Process of Registering a C Corporation
Introduction
Corporations are the most common form of business structure in the United States, and they're used to handle many different types of business operations. Because of their inherent complexity, it can be difficult to navigate through the process of registering a corporation. This guide will walk you through each step in that process so that you can properly incorporate your company and get it up and running as soon as possible.
Choose a Business Name
Once you have decided on the type of entity, you must choose a business name. The name must be approved by the state and should not be too similar to an existing business. It is also important that your business name not embarrass, offend or mislead anyone who might encounter it in any way. Some examples of names that are unacceptable include:
- A name containing curse words or racial slurs
- A name suggesting that there is a connection between your company and someone famous (like “Donald Trump Construction”) or implying some sort of relationship with another person that does not exist (such as “John Smith Incorporated”).
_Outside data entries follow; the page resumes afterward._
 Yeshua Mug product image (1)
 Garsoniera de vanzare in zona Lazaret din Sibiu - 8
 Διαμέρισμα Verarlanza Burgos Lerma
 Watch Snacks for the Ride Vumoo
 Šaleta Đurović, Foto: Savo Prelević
There are several other factors to consider when choosing your company's legal name:
- The domain names relating to your company's legal business name may already be taken by another entity; if so, don't use them.
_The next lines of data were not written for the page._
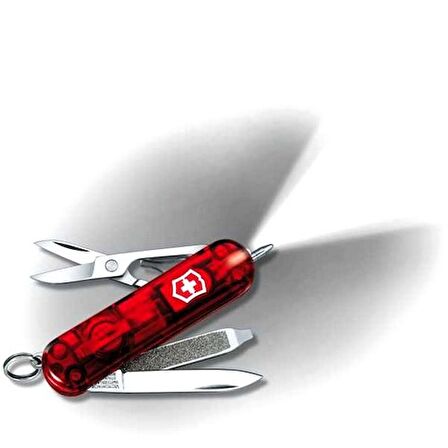 Victorinox 0.6226.T Signature Lite Led Fenerli Çakı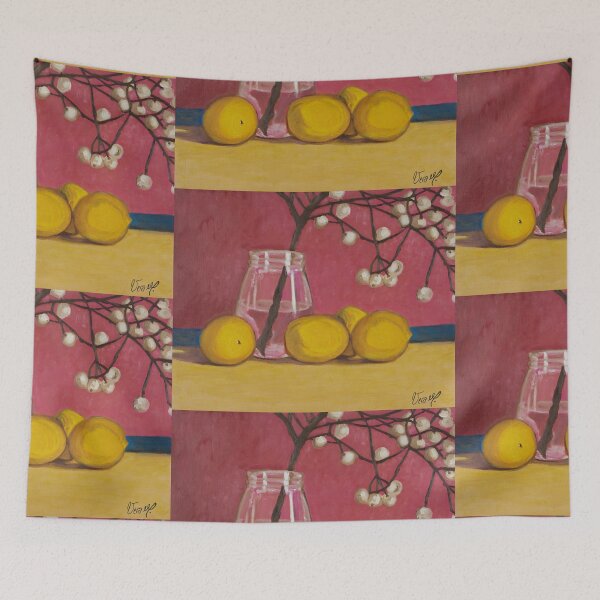 Item preview, lemons designed and sold by veraartgallery.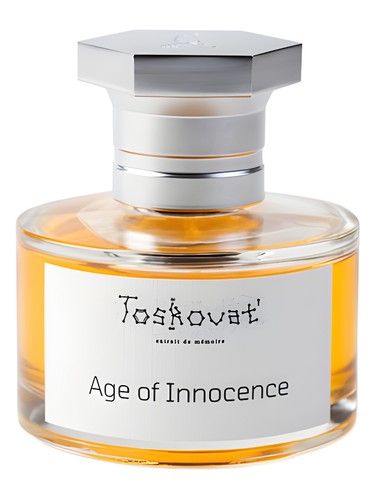 Age of Innocence by Toskovat'
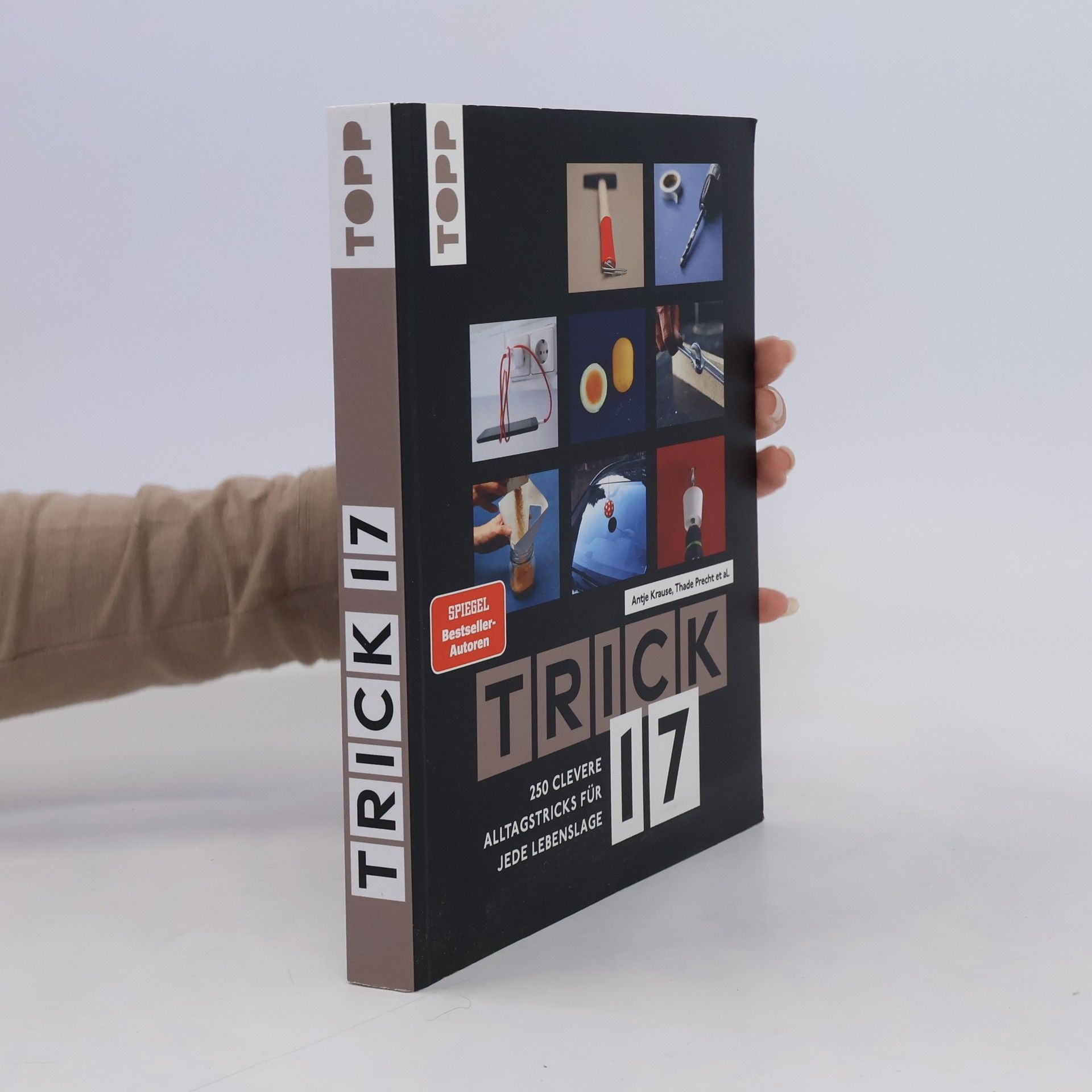kolektiv Trick 17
- Make sure all potential customers can easily spell and pronounce your company's legal business name without having to ask for clarification from someone else first; otherwise this will make it much harder for people who would like to do business with you.
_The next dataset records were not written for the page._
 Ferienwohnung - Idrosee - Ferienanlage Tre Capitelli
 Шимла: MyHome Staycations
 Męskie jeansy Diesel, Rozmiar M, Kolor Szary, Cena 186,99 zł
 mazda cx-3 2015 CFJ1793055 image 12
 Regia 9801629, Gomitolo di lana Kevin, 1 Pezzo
File an Articles of Incorporation
You will file Articles of Incorporation, which is a legal document that establishes your corporation. This is similar to filing articles of incorporation for a limited liability company (LLC). You need to complete this form and submit it to the Secretary of State in order to create your business as a C corporation.
Once you've filed your Articles of Incorporation and paid any required fees, you can claim your new business as a C corporation. To do this, go online at the IRS website and use their Employer Identification Number (EIN) Request Tool to generate an EIN for your new business.
Appoint a Registered Agent
In order to register your business, you must appoint a registered agent. A registered agent is a person or business that has agreed to accept legal and tax documents on behalf of your company. Your C corporation will need one in every state where it does business.
Benefits of having a registered agent include:
- The ability to receive mail sent to your company at the address of its registered office in any state
- Reducing the risk for identity theft, which can happen when someone uses information about your business without permission
Comply with Corporate Formalities
You must maintain corporate records, which document the action taken at every shareholder and board meeting. You should also keep a copy of all minutes in case you need to refer back to any decisions or actions taken by your corporation.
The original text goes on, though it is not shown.